Lydia Loveless
Real
[Bloodshot/ IRD
2016]

www.lydialoveless.com

File Under: Lydia evolution

di Gianuario Rivelli (01/09/2016)

Che Lydia Loveless fosse un cavallo sicuro su cui puntare era evidente e non ci voleva un allibratore cinese per ratificarlo. Indestructible Machine prima e Somewhere Else poi avevano lasciato tracce inconfondibili di puro talento. Ma ogni disco, si sa, nasconde delle insidie e c’è sempre il timor panico di rimanere delusi da campioncini su cui eri pronto a mettere la mano sul fuoco.
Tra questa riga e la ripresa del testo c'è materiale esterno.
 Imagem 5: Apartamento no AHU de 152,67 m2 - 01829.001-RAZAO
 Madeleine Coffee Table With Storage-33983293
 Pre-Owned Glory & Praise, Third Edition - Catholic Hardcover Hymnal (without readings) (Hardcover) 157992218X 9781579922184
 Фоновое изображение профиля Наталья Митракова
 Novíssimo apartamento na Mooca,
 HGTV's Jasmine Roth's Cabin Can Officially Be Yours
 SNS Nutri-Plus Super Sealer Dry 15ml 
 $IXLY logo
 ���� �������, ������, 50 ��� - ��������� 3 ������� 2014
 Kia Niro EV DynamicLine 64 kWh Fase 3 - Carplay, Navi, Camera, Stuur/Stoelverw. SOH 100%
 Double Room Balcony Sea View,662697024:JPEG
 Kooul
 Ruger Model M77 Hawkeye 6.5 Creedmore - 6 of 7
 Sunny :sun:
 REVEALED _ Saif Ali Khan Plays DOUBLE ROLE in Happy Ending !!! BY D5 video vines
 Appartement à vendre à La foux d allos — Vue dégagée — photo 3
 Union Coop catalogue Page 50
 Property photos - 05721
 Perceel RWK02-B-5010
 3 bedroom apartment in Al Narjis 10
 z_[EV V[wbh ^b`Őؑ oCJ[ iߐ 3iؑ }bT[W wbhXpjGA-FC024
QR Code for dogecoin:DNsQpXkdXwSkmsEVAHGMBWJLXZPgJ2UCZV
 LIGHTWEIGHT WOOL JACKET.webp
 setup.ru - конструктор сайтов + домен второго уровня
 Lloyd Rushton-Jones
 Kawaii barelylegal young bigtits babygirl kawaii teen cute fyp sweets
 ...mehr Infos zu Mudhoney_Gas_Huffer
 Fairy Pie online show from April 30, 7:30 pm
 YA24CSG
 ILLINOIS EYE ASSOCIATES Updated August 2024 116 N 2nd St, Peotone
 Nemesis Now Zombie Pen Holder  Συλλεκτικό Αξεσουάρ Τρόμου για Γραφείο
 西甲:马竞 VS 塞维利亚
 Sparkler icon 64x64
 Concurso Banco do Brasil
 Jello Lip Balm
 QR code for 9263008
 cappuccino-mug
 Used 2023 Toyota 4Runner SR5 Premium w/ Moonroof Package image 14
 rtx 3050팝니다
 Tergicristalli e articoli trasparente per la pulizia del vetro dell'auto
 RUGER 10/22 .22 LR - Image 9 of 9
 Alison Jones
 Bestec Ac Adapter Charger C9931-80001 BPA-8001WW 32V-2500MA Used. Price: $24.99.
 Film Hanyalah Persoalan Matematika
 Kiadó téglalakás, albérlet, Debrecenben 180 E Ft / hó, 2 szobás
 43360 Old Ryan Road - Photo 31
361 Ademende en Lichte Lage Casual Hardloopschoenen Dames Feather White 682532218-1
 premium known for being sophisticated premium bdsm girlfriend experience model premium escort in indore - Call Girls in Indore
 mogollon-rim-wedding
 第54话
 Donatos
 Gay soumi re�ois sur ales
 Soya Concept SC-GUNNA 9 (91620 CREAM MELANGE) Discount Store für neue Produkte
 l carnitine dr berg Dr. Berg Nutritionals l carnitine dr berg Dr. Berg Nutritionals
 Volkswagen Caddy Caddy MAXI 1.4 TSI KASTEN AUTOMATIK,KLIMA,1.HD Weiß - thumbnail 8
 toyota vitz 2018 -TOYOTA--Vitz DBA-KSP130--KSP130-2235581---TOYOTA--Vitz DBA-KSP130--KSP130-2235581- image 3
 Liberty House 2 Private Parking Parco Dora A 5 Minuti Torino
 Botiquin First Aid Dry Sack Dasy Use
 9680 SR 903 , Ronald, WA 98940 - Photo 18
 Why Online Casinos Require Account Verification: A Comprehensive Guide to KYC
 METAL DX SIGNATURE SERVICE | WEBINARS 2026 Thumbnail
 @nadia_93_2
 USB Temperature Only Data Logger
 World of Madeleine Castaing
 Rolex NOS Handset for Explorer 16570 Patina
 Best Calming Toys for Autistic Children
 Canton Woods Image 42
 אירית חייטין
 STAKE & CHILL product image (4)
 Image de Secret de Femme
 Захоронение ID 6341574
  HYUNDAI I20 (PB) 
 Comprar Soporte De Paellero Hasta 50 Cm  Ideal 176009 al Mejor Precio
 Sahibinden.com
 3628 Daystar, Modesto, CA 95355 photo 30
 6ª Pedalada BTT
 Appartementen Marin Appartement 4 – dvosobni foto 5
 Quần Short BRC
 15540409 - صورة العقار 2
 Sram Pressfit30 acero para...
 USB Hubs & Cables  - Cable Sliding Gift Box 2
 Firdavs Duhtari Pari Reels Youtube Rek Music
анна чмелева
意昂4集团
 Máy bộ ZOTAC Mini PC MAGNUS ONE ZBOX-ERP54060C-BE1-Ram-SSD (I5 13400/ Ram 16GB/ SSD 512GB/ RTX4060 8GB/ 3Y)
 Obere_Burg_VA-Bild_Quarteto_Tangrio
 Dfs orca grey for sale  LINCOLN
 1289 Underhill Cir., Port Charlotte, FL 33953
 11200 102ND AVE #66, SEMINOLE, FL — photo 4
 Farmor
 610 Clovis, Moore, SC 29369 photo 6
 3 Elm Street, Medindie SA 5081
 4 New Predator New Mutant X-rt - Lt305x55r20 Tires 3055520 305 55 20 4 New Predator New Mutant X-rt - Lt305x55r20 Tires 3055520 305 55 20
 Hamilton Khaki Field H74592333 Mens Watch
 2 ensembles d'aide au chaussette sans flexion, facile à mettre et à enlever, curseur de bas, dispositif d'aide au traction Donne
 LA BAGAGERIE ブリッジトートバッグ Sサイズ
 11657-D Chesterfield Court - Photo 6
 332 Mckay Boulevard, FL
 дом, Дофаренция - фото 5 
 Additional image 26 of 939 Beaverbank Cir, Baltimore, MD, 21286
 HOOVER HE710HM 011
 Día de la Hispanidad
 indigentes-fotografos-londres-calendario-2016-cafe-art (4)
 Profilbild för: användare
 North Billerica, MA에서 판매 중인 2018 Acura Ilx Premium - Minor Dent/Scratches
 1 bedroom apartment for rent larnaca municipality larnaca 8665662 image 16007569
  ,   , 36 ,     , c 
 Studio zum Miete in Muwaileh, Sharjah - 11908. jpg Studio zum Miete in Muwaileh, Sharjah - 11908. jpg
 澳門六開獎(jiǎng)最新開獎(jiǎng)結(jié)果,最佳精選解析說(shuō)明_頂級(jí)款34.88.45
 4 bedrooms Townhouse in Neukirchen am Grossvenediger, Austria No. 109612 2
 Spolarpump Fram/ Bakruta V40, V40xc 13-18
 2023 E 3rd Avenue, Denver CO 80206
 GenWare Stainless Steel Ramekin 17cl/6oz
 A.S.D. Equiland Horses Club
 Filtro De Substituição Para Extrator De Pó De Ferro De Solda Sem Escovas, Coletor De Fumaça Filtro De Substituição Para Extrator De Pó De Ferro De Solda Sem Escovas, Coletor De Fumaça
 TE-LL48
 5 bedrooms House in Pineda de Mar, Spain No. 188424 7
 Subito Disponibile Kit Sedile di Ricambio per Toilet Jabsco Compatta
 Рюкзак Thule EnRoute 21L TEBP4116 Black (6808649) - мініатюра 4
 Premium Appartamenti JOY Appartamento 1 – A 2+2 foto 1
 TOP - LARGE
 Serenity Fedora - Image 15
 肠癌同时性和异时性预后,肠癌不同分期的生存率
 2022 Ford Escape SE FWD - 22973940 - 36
Al quarto disco dunque il compito di scoprire definitivamente le carte: buccia di banana che raffredda gli entusiasmi o rampa di lancio che fa assurgere una volta per tutte. Per realizzarlo Lydia si ripresenta con la medesima formazione e ancora Joe Viers a curarne la produzione e missaggio. Nemmeno il copione subisce variazioni: sempre di cicatrici del cuore si parla, di amori tormentati e sentimenti feriti.

Dunque Real banale fotocopia delle creazioni precedenti? Niente affatto: laddove c’era rabbia ora c’è disincanto, laddove c’era veemenza ora c’è controllo, laddove c’era una rockeuse che sbatte le ali ora c’è una cantautrice matura e perfettamente calibrata. Ascoltate il piglio sicuro con cui Loveless sfotte i Midwestern Guys nell’omonima ballata o la linearità con venature country di European e ditemi se anche da brani apparentemente minori come i suddetti non traspare una donna che ha in mente una chiara visione della strada che vuole percorrere. Nessun dubbio che gli highlights siano altri, brani in cui l’urgenza e la sincerità tipiche del suo songwriting vengono sbattute in faccia con la forza d’urto del passato (Same to You, roots rock incazzato e appassionato), con confezioni inedite (il ritornello killer e il vestito pop anni 70 di Longer) o con una autenticità e un coinvolgimento emotivo così onesti da sembrare autobiografici (lo struggimento e la vulnerabilità di Bilbao; l’intensità tormentata di Out on love).

Tuttavia è ingiusto puntare i riflettori solo su alcuni episodi, perché qui non c’è da trascurare nulla, nemmeno i cimenti in punta di penna (Clumps, deliziosamente acustica e riflessiva) e figurarsi se la prova midtempo in salsa americana non venga superata a piè pari (More than Ever, chiaroscuri tratteggiati dalla sei corde del fido Todd May). Poi se persino Heaven, chitarre sfacciatamente lanciate verso un revival disco-pop anni 80, risulta essere non meno che irresistibile, nulla più osta all’applauso scrosciante per il disco della maturità della ventiseienne dell’Ohio. Real non è né meglio né peggio dei suoi apprezzati predecessori: ha semplicemente uno spessore diverso, gioca su un differente terreno. E vince, eccome se vince.

La generazione targata anni Novanta ha trovato uno dei suoi alfieri principali e noi abbiamo trovato uno dei migliori dischi del 2016, autorevole candidato alle nomination di fine anno.